Colgate Alum Tells His Holocaust Story

In order to commemorate Holocaust Remembrance Day, Colgate graduate and Holocaust survivor Bill Donat ’60 shared his story of survival on Tuesday at 7:00 p.m. in the Ho Lecture Room. Sponsors for the event included the American Jewish Committee, Colgate Jewish Union and the Jewish Studies Department.

Associate University Chaplain and Director of Jewish Life Rabbi Dave Levy introduced Donat.

“It is impossible for any of us to ever fathom the magnitude of the loss and suffering that took place during that dark period,” Levy said. “However, it is by finding ways to learn individual stories of those who lived through that difficult time that we can gain some understanding.”

Donat shared his and his family’s experiences before, during and after the Holocaust. He discussed his time living in the ghetto of Warsaw, Poland, when he was forced to wear a white armband with the blue Star of David, and his near voyage to a concentration camp. Donat, along with his mother and seven of her colleagues, were sent to Umschlagplatz, German for “collection point” or “reloading point,” which was where Jews were gathered for deportation to the Treblinka concentration camp. Fortunately, Donat’s father contacted a Jewish policeman, who saved the group.
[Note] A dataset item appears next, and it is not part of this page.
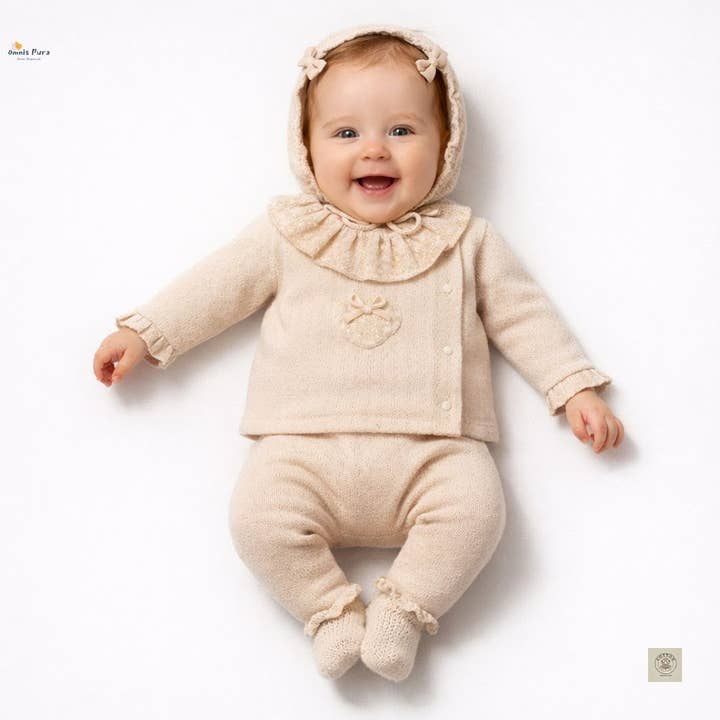 Pastoral Baby Pige 3-delt Sæt–Blød Strik med Flæsedetaljer for engroshandel hos Omnis Pura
“150,000 children were sent to Umschlagplatz and I’m the only one who escaped,” said Donat. “150,000 children perished and now I’m here to share my story with you.”

Donat’s parents sent him to stay with a Christian couple – whom he referred to as “Auntie Maria” and “Uncle Stefan” – for the duration of the war. At one point, three Polish policemen came to the house where Donat was staying and discovered him. However, his aunt persuaded the policemen to overlook him and they agreed. On the same day, he saw the ghetto in flames in what he believes was the Warsaw Ghetto Uprising. His parents were waiting in a bunker, but when it caught fire, they escaped to the roof. They were prepared to take potassium cyanide tablets to commit suicide, but his mother had lost the tablets in the process of fleeing to the roof.

Donat’s parents were sent to several different extermination and work camps while Donat was placed in an orphanage outside of Auschwitz. There, he suffered from severe malnutrition, and he was sent to a farm in order to receive better nourishment. Shortly thereafter, Russian soldiers invaded the farm and he was sent back to the orphanage.

Two years after Donat arrived at the concentration camps, his mother was released and the two were reunited. She could not support him, despite her job working for a distribution center that allowed people released from concentration camps to see if their relatives were still alive. His father also survived the camps and, once the family was reunited, decided to relocate to the United States.

Ten years later, Donat was a first-year student at Colgate.

Donat answered several questions from the audience after his presentation.

When asked how he dealt with what happened once he arrived in the United States, he said that he focused obsessively on assimilation.

“I didn’t want to talk about what had happened. I wanted to be an American … I wanted to suppress it all,” he said. “There was a generation of people who had been totally traumatized and were only trying to find normalcy.”

Concerning his Jewish heritage and how he found a balance between his Jewish background and Christian upbringing, he said that his confusion leveled out after he moved to the U.S.

“My parents realized that I had been through a trauma. They let things go. In the United States, surrounded by my family, I started to identify with my Jewish heritage,” Donat said.

The lecture was Donat’s first visit to Colgate in 18 years.